The Boy in the Striped Pyjamas serves as an introduction for children to Nazism and the Holocaust. It covers a broad range of elements integral to Nazi Germany such as institutional racism, nationalism and indoctrination, albeit in a juvenile, contrived and ultimately implausible manner.

The film charts the relationship between Bruno (Asa Butterfield), a German 8-year-old and Shmuel (Jack Scanlon), a young Jewish boy. Bruno is the son of Ralf (David Thewlis), the SS Commandant of a nearby concentration camp in which Shmuel lives, and Elsa (Vera Farmiga), who is largely ignorant of the Jewish persecution her husband is responsible for.

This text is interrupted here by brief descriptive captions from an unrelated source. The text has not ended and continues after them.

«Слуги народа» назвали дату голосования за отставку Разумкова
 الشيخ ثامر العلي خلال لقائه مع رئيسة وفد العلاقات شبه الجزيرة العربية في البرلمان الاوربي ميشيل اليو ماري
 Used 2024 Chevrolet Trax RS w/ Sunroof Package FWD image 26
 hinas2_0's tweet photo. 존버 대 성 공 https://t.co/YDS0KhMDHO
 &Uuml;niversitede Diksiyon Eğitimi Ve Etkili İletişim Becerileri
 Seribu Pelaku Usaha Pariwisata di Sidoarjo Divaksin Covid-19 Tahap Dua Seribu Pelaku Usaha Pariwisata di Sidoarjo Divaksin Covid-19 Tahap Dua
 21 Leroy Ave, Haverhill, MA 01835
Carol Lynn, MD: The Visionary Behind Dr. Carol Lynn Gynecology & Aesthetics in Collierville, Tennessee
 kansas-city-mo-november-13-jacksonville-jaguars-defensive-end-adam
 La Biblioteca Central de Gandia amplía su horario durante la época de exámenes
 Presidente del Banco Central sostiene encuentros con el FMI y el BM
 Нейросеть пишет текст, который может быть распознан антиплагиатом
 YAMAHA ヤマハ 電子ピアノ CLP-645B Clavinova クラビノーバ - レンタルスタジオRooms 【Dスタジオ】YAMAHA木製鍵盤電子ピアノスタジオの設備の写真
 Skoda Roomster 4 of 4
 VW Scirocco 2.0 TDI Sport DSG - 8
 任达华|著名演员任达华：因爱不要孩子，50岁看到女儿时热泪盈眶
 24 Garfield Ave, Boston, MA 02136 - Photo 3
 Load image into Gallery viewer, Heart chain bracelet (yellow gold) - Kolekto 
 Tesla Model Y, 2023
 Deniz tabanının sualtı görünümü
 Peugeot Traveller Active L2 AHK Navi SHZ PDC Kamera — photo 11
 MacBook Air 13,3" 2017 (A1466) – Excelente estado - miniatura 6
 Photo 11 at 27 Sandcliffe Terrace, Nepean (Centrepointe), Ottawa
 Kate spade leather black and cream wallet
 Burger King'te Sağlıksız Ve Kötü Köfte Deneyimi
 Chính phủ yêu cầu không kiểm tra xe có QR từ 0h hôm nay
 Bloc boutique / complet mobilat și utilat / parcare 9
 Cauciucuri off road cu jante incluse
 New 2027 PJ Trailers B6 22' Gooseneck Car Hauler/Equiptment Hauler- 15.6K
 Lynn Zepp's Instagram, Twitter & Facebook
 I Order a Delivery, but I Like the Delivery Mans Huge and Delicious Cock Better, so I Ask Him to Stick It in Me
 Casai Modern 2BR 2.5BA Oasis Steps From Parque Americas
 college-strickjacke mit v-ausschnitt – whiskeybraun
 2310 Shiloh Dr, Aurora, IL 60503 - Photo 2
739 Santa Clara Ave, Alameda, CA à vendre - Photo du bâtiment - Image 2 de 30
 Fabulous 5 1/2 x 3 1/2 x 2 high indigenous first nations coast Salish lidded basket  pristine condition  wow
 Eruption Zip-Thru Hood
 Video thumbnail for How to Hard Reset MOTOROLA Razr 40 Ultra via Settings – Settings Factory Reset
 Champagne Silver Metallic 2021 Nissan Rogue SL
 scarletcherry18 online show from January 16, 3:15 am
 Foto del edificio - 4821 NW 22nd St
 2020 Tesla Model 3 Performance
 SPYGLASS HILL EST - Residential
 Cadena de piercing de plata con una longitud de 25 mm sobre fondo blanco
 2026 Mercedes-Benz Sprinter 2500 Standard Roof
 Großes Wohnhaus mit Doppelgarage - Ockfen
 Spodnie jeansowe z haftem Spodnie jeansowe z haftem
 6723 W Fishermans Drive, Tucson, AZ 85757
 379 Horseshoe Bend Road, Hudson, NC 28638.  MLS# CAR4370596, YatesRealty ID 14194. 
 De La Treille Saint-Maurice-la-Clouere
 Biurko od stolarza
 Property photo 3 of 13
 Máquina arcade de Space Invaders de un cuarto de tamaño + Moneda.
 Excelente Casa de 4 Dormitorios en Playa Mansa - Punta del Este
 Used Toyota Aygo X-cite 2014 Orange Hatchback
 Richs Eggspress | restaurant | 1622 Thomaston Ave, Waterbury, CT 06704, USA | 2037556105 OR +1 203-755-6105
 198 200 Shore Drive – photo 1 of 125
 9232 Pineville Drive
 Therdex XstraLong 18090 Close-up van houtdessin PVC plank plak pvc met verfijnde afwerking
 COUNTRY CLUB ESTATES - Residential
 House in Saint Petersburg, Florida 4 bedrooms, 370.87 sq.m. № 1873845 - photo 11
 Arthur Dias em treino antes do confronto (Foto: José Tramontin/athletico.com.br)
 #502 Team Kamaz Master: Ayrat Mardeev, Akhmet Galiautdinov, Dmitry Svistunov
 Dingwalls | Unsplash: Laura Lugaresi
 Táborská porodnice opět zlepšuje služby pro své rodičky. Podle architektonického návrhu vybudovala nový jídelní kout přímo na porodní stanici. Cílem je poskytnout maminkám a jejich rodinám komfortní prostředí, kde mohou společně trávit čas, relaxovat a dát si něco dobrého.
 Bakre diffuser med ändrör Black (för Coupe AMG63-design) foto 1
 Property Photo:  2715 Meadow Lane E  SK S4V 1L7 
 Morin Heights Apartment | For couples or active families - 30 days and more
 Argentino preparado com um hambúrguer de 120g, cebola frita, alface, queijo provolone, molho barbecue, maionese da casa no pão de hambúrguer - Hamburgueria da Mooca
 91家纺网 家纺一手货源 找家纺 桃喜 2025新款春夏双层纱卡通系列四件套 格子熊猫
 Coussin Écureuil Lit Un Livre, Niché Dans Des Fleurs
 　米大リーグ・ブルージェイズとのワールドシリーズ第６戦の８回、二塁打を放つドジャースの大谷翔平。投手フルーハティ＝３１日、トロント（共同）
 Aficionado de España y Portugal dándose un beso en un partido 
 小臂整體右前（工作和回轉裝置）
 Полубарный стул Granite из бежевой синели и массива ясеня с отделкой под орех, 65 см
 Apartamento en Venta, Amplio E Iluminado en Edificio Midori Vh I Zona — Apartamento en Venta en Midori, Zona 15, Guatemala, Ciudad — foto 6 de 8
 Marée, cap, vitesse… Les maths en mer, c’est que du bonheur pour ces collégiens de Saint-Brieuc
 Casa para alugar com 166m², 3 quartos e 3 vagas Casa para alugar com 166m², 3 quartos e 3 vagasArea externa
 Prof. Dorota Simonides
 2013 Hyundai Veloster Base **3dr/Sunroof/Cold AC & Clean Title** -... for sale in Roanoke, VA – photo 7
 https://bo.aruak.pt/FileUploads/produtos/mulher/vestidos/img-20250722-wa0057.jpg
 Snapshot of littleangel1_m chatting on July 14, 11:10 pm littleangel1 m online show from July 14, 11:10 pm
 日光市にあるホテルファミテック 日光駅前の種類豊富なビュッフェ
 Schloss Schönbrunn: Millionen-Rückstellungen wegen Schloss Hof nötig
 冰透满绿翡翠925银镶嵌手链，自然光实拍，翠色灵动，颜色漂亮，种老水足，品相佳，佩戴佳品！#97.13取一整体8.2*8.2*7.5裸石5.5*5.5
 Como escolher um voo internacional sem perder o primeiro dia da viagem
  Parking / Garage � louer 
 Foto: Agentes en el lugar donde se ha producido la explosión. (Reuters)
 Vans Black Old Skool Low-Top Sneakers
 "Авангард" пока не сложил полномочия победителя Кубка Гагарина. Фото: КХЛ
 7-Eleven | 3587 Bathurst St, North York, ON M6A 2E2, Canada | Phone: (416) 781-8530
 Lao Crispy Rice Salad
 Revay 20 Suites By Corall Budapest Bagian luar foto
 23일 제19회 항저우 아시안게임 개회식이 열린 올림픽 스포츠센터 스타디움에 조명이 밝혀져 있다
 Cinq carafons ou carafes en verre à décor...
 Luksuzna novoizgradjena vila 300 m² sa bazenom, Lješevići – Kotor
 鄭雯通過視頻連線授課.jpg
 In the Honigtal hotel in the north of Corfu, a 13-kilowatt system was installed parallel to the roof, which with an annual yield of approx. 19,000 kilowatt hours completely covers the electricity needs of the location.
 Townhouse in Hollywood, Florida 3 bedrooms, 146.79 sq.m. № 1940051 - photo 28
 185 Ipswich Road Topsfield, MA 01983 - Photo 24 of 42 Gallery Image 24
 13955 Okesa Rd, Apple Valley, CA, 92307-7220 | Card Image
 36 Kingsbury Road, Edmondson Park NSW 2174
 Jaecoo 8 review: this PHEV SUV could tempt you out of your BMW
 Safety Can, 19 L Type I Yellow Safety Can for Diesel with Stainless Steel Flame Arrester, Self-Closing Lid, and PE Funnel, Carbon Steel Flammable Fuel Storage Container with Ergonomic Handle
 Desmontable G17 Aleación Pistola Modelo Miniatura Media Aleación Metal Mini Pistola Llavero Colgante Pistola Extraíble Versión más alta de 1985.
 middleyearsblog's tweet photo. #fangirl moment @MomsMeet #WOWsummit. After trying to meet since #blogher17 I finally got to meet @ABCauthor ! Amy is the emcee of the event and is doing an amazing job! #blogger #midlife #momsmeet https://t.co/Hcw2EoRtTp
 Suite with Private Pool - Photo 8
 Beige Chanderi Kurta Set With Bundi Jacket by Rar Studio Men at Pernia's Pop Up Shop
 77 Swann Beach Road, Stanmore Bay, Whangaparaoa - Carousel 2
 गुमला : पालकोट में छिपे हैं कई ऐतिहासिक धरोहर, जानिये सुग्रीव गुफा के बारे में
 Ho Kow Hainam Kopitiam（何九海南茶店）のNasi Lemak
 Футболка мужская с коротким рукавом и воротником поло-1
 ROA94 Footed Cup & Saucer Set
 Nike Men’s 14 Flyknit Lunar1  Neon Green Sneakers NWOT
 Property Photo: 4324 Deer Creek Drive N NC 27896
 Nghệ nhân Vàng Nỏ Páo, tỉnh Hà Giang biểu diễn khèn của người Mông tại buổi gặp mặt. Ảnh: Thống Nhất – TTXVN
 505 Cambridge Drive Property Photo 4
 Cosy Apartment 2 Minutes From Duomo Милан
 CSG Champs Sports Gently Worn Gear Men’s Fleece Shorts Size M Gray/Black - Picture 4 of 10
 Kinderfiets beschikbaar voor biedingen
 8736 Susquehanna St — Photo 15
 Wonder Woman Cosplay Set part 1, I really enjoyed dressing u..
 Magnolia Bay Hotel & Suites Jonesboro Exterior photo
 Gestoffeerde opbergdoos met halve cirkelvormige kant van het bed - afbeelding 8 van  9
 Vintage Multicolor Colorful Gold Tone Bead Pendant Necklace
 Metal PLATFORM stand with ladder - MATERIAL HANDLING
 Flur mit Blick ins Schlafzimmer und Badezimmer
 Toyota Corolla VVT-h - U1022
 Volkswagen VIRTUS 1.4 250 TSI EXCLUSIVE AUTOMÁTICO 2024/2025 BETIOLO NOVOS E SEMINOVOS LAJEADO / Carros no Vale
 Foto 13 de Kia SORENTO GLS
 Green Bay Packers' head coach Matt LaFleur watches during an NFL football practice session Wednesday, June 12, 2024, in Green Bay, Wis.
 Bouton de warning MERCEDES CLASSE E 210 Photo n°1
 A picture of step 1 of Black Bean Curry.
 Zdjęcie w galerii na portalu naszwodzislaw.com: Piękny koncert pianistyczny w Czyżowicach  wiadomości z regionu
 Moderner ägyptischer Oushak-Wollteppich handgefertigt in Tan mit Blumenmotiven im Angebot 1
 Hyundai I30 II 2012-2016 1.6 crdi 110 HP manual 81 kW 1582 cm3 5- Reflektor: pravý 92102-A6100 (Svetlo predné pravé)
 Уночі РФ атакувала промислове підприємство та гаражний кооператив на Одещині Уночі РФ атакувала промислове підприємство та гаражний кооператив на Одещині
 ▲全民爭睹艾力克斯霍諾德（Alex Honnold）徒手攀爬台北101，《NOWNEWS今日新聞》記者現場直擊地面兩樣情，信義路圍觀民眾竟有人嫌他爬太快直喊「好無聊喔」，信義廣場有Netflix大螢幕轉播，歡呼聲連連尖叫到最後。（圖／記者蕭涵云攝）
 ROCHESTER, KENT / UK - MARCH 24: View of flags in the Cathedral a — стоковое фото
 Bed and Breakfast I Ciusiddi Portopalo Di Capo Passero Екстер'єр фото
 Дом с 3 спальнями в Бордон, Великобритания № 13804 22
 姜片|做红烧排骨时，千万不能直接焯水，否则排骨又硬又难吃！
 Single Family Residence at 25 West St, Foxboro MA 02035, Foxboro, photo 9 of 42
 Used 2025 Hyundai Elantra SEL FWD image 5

The inquisitive Bruno first meets the titular boy in striped pyjamas when he stumbles across the camp perimeter next to the woods that surround his house. The innocent Bruno is puzzled by Shmuel’s predicament, he doesn’t understand why soldiers are ‘taking their clothes away for no reason’ or why another inmate Pavel works in the camp after a career as a doctor. As he repeatedly visits Shmuel and develops a friendship with him, his confusion soon turns to indignation.

Clearly, their relationship is unrealistic. The abhorrent reality is that most children were killed immediately upon arrival at the camps, and even as a child who either somehow slipped through the net or was deemed useful, it is very unlikely that Shmuel could escape his oppressors’ eyeshot so many times to speak with Bruno.

The boys’ exchanges are contrived and awkward, they are not natural conversations but a vehicle for the screenwriters to teach their young viewers the basics of the Holocaust. Considering his age, Asa Butterfield is a decent young actor – he has the potential to be a star. Scanlon, however, was quite stilted.

One of my problems with the two boys’ relationship and indeed the whole cast are the English accents, it seriously affected the credibility of the characters.  Even Vera Farmiga, an American woman, gives her German character an English accent, which she does very well, incidentally. I’m sure the film’s adult cast members were more than capable of at least hints of German or Eastern European, but attempts to do so by Butterfield or Scanlon would have probably been risible.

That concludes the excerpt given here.